Dataset extract Start Marker
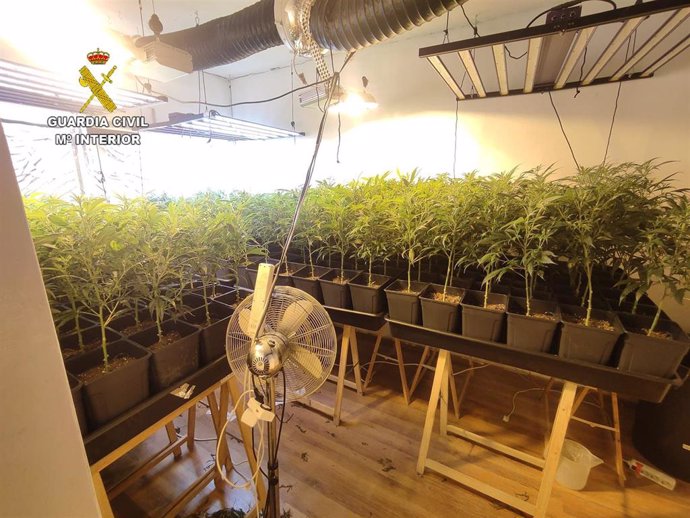 Cuatro personas detenidas y más de 1.700 plantas de marihuana incautadas en un domicilio de Escalona.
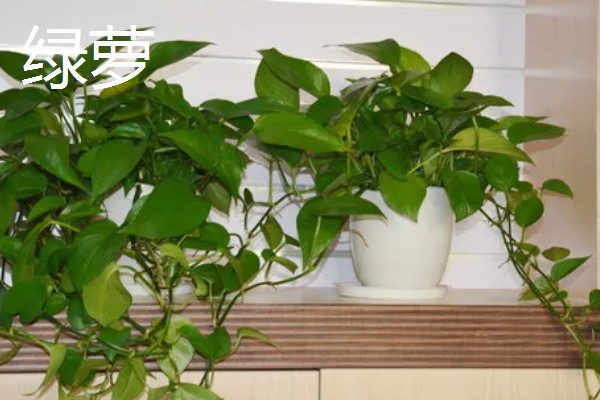 家中适合养哪些花，推荐君子兰、绿萝等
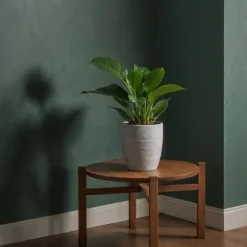 Filodendron - Sæt med 2 - Philodendron 'Green Princess' - Højde 20-30cm - ⌀12cm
Dataset extract End Marker
> [Assignment]:
Transcribe the lines that run from the line bearing "家中适合养哪些花，推荐君子兰、绿萝等" through the last line of the data. Keep the wording exact and leave out every picture.

> [Result below]:
 家中适合养哪些花，推荐君子兰、绿萝等
 Filodendron - Sæt med 2 - Philodendron 'Green Princess' - Højde 20-30cm - ⌀12cm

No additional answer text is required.